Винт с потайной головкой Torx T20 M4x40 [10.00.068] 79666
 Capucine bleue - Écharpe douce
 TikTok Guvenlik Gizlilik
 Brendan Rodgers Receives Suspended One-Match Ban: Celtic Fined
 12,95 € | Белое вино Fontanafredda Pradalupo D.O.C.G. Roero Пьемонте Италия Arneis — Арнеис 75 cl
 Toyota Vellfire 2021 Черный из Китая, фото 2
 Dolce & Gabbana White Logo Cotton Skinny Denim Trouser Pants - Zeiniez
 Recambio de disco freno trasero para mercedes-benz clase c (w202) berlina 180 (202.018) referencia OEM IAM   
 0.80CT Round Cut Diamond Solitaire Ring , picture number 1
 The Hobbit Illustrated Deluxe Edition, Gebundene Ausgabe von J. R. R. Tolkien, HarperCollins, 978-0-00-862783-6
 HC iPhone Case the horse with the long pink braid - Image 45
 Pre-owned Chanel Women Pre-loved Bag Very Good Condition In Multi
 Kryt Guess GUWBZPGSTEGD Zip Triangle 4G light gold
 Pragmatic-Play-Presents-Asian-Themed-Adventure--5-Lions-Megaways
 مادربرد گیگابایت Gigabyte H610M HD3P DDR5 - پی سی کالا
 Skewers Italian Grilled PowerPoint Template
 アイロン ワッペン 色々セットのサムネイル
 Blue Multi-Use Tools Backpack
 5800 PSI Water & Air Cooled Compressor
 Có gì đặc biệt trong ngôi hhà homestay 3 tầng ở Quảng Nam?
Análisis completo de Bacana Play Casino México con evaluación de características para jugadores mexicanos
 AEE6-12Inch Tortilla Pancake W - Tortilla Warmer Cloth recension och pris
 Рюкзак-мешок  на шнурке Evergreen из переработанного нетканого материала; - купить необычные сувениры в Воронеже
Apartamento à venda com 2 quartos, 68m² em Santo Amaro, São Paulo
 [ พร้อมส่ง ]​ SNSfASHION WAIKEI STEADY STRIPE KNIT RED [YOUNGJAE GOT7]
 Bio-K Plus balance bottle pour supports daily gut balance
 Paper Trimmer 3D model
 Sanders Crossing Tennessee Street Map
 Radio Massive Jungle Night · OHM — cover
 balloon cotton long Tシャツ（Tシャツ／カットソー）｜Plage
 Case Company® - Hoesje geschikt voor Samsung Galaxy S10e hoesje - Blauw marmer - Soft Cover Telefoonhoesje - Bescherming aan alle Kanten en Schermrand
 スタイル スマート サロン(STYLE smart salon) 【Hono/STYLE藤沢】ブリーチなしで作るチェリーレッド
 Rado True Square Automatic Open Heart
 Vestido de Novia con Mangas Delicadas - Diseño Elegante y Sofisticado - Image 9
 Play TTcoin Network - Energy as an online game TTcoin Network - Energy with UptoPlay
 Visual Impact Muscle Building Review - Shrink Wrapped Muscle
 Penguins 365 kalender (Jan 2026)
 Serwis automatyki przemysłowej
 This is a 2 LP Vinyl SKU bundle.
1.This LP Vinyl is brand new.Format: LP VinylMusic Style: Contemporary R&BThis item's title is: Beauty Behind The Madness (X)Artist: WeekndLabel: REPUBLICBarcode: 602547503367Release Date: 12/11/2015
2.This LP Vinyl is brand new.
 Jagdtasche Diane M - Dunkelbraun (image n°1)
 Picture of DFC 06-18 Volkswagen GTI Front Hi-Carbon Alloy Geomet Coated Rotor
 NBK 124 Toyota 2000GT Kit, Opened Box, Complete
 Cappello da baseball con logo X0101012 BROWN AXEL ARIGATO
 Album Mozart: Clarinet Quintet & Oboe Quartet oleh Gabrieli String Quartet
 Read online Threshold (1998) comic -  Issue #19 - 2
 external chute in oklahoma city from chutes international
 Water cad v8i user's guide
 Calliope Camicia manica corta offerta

---

What this task involves: Retype every line above with nothing changed.

Result:
Винт с потайной головкой Torx T20 M4x40 [10.00.068] 79666
 Capucine bleue - Écharpe douce
 TikTok Guvenlik Gizlilik
 Brendan Rodgers Receives Suspended One-Match Ban: Celtic Fined
 12,95 € | Белое вино Fontanafredda Pradalupo D.O.C.G. Roero Пьемонте Италия Arneis — Арнеис 75 cl
 Toyota Vellfire 2021 Черный из Китая, фото 2
 Dolce & Gabbana White Logo Cotton Skinny Denim Trouser Pants - Zeiniez
 Recambio de disco freno trasero para mercedes-benz clase c (w202) berlina 180 (202.018) referencia OEM IAM   
 0.80CT Round Cut Diamond Solitaire Ring , picture number 1
 The Hobbit Illustrated Deluxe Edition, Gebundene Ausgabe von J. R. R. Tolkien, HarperCollins, 978-0-00-862783-6
 HC iPhone Case the horse with the long pink braid - Image 45
 Pre-owned Chanel Women Pre-loved Bag Very Good Condition In Multi
 Kryt Guess GUWBZPGSTEGD Zip Triangle 4G light gold
 Pragmatic-Play-Presents-Asian-Themed-Adventure--5-Lions-Megaways
 مادربرد گیگابایت Gigabyte H610M HD3P DDR5 - پی سی کالا
 Skewers Italian Grilled PowerPoint Template
 アイロン ワッペン 色々セットのサムネイル
 Blue Multi-Use Tools Backpack
 5800 PSI Water & Air Cooled Compressor
 Có gì đặc biệt trong ngôi hhà homestay 3 tầng ở Quảng Nam?
Análisis completo de Bacana Play Casino México con evaluación de características para jugadores mexicanos
 AEE6-12Inch Tortilla Pancake W - Tortilla Warmer Cloth recension och pris
 Рюкзак-мешок  на шнурке Evergreen из переработанного нетканого материала; - купить необычные сувениры в Воронеже
Apartamento à venda com 2 quartos, 68m² em Santo Amaro, São Paulo
 [ พร้อมส่ง ]​ SNSfASHION WAIKEI STEADY STRIPE KNIT RED [YOUNGJAE GOT7]
 Bio-K Plus balance bottle pour supports daily gut balance
 Paper Trimmer 3D model
 Sanders Crossing Tennessee Street Map
 Radio Massive Jungle Night · OHM — cover
 balloon cotton long Tシャツ（Tシャツ／カットソー）｜Plage
 Case Company® - Hoesje geschikt voor Samsung Galaxy S10e hoesje - Blauw marmer - Soft Cover Telefoonhoesje - Bescherming aan alle Kanten en Schermrand
 スタイル スマート サロン(STYLE smart salon) 【Hono/STYLE藤沢】ブリーチなしで作るチェリーレッド
 Rado True Square Automatic Open Heart
 Vestido de Novia con Mangas Delicadas - Diseño Elegante y Sofisticado - Image 9
 Play TTcoin Network - Energy as an online game TTcoin Network - Energy with UptoPlay
 Visual Impact Muscle Building Review - Shrink Wrapped Muscle
 Penguins 365 kalender (Jan 2026)
 Serwis automatyki przemysłowej
 This is a 2 LP Vinyl SKU bundle.
1.This LP Vinyl is brand new.Format: LP VinylMusic Style: Contemporary R&BThis item's title is: Beauty Behind The Madness (X)Artist: WeekndLabel: REPUBLICBarcode: 602547503367Release Date: 12/11/2015
2.This LP Vinyl is brand new.
 Jagdtasche Diane M - Dunkelbraun (image n°1)
 Picture of DFC 06-18 Volkswagen GTI Front Hi-Carbon Alloy Geomet Coated Rotor
 NBK 124 Toyota 2000GT Kit, Opened Box, Complete
 Cappello da baseball con logo X0101012 BROWN AXEL ARIGATO
 Album Mozart: Clarinet Quintet & Oboe Quartet oleh Gabrieli String Quartet
 Read online Threshold (1998) comic -  Issue #19 - 2
 external chute in oklahoma city from chutes international
 Water cad v8i user's guide
 Calliope Camicia manica corta offerta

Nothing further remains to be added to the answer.